Между тем, легенда о Рюрике даже в ее современном виде свидетельствует, что этот князь пришел к «словенам» с «русью», которая только в XII в. была отождествлена с «варягами» соответствующей глоссой, доставившей столько мучений позднейшим исследователям. Достоверность подобного вывода подтверждается и тем обстоятельством, что легенда о Рюрике без «варягов» стала известна в киевской Руси не ранее 1050 г., поскольку «Слово о законе и благодати» Илариона в своей первой редакции не знает ни Рюрика, ни легенды об апостоле Андрее ( «не виде ап(о)с(то)ла, пришедша в землю твою») [160] Молдаван A. M. «Слово о законе и благодати» Илариона. Киев, 1982, с. 91 и 95.
, но и не позднее 1067 г., когда в Тмуторокане был отравлен сын новгородского князя Владимира Ярославича, Ростислав Владимирович, отец первого среди «Рюриковичей» князя с этим именем — Рюрика Ростиславича, впоследствии князя перемышльского.
Таким образом, в ПВЛ лексема «варяг» употребляется в точном соответствии с тем смыслом, который в нее был вложен в Византии, где она означала ‘наемника, принятого в императорскую гвардию’, а затем ‘наемника’ вообще, тогда как в северном регионе Руси эта лексема определяет выходцев с территории славянского Поморья. Войдя в лексикон новгородцев не ранее второй половины XI в., если не позднее, уже к середине XIV в. она оказывается окончательно вытеснена из обиходной речи и документов псевдоэтнонимом «немец/немцы», охватывающим всех жителей Поморья и представителей ганзейского союза городов, но сохранив о себе память в гидрониме «море Варязское», в западных источниках неизменно именуемого «Восточным» (Ostersalt).

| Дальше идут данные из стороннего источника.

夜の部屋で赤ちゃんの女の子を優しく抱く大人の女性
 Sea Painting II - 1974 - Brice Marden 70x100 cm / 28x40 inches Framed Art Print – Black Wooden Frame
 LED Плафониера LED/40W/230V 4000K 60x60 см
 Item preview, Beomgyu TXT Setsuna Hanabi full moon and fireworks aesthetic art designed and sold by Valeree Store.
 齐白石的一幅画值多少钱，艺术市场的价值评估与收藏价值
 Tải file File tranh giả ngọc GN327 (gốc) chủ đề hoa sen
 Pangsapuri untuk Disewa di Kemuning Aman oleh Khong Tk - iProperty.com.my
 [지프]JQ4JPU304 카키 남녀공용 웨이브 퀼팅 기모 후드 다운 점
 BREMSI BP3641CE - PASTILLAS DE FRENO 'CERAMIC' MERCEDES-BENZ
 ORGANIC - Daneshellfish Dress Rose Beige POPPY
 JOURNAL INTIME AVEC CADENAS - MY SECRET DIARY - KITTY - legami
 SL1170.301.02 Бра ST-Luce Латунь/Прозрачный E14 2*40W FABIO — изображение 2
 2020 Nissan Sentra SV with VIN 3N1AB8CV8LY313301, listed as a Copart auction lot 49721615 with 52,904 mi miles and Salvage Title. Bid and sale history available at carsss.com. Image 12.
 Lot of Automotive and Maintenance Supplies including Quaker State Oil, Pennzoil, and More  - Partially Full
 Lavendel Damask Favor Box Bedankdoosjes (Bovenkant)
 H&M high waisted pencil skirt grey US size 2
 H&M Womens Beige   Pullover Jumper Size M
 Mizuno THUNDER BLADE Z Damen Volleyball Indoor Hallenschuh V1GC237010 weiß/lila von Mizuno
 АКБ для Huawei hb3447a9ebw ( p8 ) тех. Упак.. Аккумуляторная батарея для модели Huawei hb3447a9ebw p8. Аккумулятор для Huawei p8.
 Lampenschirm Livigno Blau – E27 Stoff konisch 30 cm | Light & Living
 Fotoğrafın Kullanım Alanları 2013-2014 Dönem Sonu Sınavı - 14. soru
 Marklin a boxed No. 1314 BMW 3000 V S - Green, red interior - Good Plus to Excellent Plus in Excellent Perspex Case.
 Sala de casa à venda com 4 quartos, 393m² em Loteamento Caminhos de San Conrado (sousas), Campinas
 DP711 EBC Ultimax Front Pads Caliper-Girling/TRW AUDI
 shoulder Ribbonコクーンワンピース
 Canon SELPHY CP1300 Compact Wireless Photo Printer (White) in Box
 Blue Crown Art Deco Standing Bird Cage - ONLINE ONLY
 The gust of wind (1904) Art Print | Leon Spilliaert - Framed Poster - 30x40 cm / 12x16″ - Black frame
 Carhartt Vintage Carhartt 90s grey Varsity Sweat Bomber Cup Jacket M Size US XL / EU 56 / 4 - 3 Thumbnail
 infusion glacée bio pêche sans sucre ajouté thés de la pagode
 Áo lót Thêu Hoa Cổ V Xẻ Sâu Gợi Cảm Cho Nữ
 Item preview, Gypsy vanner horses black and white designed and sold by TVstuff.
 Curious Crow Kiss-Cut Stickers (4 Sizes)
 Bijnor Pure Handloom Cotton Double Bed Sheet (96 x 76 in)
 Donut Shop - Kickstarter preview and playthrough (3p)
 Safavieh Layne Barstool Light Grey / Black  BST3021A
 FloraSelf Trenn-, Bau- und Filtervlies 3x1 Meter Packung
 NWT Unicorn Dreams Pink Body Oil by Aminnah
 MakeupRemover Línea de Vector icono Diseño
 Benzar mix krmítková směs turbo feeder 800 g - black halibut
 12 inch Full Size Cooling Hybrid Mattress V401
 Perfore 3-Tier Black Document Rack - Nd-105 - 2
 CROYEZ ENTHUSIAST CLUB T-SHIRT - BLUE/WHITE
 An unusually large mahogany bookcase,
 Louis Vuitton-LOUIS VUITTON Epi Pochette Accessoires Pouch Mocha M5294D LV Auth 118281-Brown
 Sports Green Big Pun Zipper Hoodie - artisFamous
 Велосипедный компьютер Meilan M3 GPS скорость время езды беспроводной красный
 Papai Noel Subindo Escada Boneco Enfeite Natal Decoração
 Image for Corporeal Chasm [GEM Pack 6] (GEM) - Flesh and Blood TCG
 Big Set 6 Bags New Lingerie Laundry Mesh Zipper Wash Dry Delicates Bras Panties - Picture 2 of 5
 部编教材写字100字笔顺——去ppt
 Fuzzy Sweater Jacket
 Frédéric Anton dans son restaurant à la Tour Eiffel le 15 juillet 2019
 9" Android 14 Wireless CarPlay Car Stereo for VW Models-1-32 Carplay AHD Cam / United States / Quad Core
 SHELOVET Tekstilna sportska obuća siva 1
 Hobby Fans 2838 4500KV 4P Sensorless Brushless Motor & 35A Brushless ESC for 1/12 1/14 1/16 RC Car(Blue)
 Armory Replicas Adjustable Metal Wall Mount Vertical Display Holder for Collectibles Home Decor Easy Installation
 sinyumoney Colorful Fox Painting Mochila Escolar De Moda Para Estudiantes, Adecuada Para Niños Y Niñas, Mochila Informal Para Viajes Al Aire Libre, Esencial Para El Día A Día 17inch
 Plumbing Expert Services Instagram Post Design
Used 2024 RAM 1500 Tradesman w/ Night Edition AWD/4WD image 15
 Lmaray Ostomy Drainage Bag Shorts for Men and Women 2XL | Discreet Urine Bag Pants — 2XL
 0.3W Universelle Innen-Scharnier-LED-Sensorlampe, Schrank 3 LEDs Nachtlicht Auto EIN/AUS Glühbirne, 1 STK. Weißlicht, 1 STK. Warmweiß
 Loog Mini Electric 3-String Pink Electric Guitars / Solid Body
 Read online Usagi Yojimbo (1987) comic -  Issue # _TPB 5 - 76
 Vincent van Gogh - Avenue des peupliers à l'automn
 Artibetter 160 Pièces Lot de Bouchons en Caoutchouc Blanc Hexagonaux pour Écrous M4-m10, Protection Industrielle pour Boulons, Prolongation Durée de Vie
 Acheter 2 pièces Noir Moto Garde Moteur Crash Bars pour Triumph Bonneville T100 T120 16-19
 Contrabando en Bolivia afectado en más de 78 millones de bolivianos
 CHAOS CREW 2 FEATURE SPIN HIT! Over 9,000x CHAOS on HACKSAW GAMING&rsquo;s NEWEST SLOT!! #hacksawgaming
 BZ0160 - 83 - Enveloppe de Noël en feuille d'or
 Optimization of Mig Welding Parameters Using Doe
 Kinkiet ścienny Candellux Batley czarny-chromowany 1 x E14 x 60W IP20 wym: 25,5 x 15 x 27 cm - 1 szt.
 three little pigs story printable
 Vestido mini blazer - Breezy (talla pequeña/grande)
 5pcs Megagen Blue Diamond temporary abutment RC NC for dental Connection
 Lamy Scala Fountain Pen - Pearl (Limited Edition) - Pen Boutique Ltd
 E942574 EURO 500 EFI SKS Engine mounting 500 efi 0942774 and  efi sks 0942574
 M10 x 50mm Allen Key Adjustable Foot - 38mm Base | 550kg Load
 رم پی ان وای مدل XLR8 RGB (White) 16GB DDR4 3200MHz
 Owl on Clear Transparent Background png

Не собираясь опровергать бесспорные показания летописей и документов, свидетельствующих о тождестве лексемы «варяг» понятию «немец» для конца XII — первой половины XIII в. в Новгороде, как это зафиксировано Краткой Правдой и договором 1189–1199 гг., хочу привлечь внимание к возможному объяснению глоссы о происхождения новгородцев ( «и от техъ варяг… людье ноугородьцы от рода варяжьска, преже бо беша словени»[Л., 20]), фиксация которой текстом ПВЛ была возможна не ранее первой четверти XII в., поскольку трудно представить, чтобы новгородцы более позднего времени прямо выводили себя от «поганых латинян». Вопрос этот тем более подлежит рассмотрению, что сохранился документ, подтверждающий существование в конце XVIII в. деревень в Копорском уезде, жители которых считали себя происходящими «от варягов».